2. Sell GBP/USD at 1.2345. Stop at 1.2385 and profit target at 1.2225.
3. Fed hawkishness, interest rate different and a wobble in the global economy are all likely to support the US dollar.
4. A strong resistance and an overbought stochastic are both hinting at a price decline.
1. Fed hawkishness and a wobble in the global economy are both likely to support the greenback.
2. Interest rate differential is in the greenback’s favour.
1. Price is correcting after hitting a high and resistance near to the previous support turned resistance line.
2. Stochastic is in the overbought zone and hinting at a price decline.
USD/JPY – The yen tumbled and is moving towards its 24-year low after the Bank of Japan chooses to kept its rate on hold and stick with its ultra-loose monetary policy. Stochastic has a bullish crossover near to the oversold zone and is hinting at a bullish price trend. MACD and 20EMA are also turning bullish and are hinting at a bullish price trend. We see price moving up to test its 24-year peak in the next few days.
EUR/USD – Price is correcting back to the previous resistance turned support line after a rally to a high of 1.0605 overnight. Price needs to stay above this support, in order to keep the bullish price trend intact. A failure will send price lower to the previous low at 1.0358. Ability to stay above this support line can lead to another test of the high at 1.0645. All 3 indictors, 20EMA, MACD and stochastic are hinting at a bullish price trend.

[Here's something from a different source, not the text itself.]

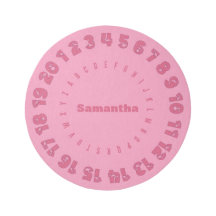 Personalized Rug with Alphabet Number Border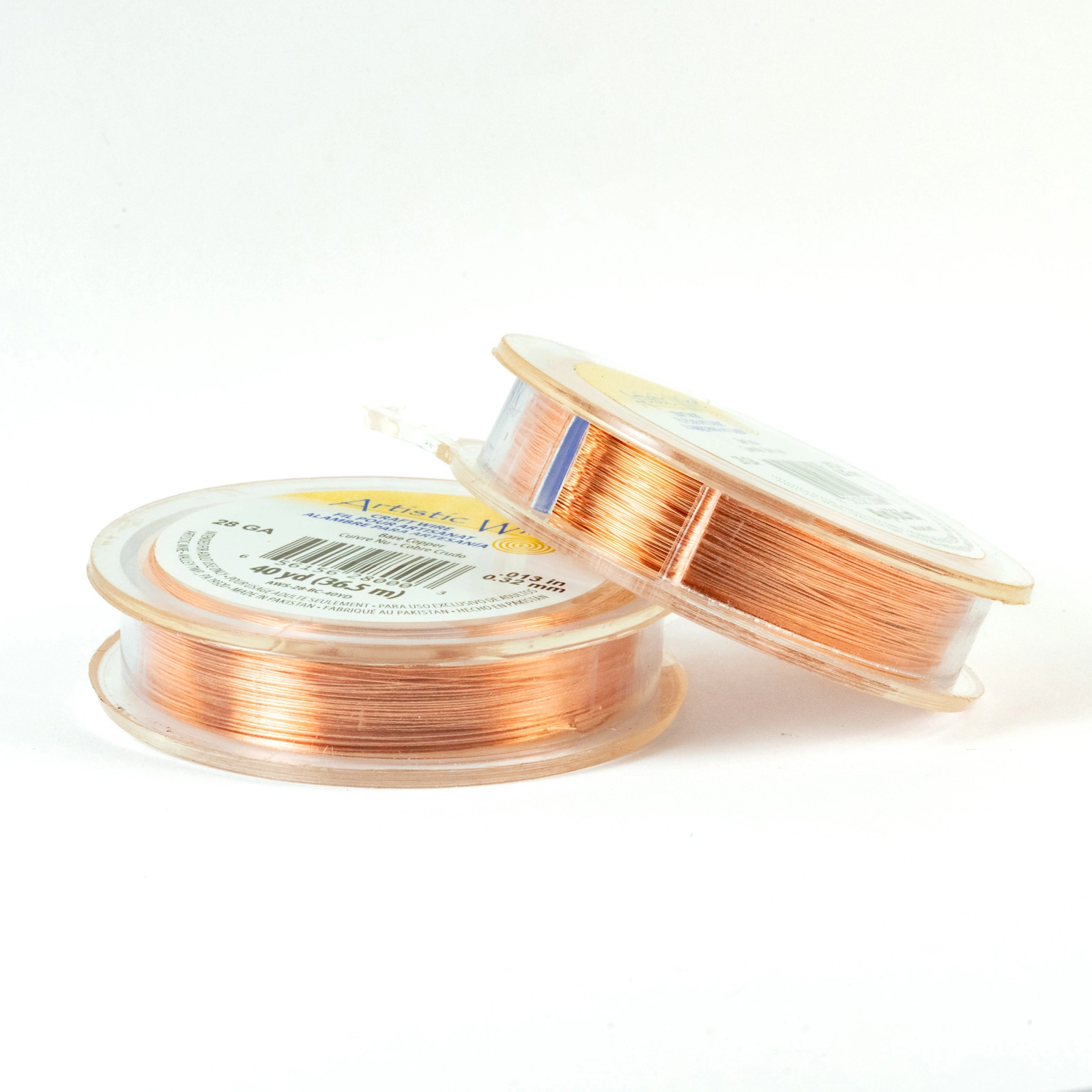 Artistic Wire 28ga. - Bare Copper 99.9% pure CDA#110 (40 yards/spool)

AUD/USD – Price continues its advance, after reaching a low on 14 June at 0.6849. Price has reached a high of 0.7068 this morning and we are expecting price to move higher to 0.7130 in the next couple of days, if price can stay above the 20EMA. However, stochastic is in the overbought zone and is hinting at a limited upside. Both MACD and 20EMA are hinting at a bullish price trend ahead.
XAU/USD – Our view remains the same as yesterday. We are looking for a price rally to $1865 in the next couple of days. Price has moved to a high of $1857.40 and we are expecting another rally to $1865. Stochastic is close to the overbought zone but should be able to support the rally to $1865. MACD is neutral but 20EMA is bullish and hinting at a bullish price trend. A price movement below $1825 would negate our short term bullish view.

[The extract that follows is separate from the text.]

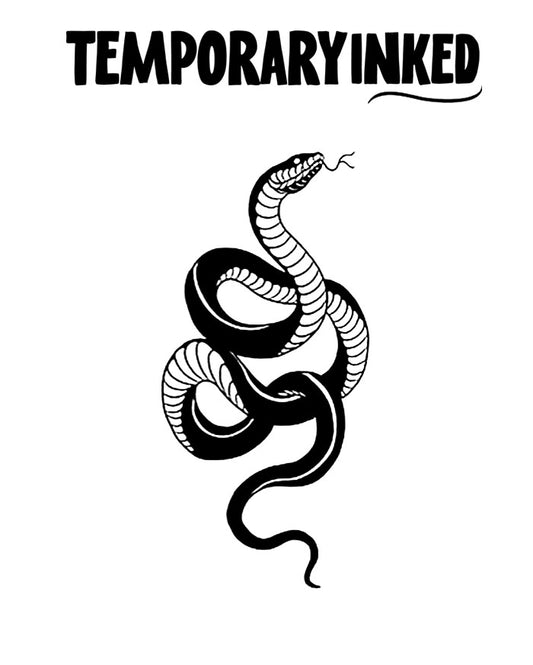 Coiled Snake Tattoo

USD/CAD – We had a recommendation yesterday at 1.2880 but price only reached a low of 1.2888 and our entry order was not filled. Overnight price has moved higher to a high of 1.2969 and we are expecting price to move higher to 1.3000 in the next couple of days. Stochastic is rising and MACD remains bullish. 20EMA is also hinting at a bullish price trend. A move below 12855 would negate our bullish view.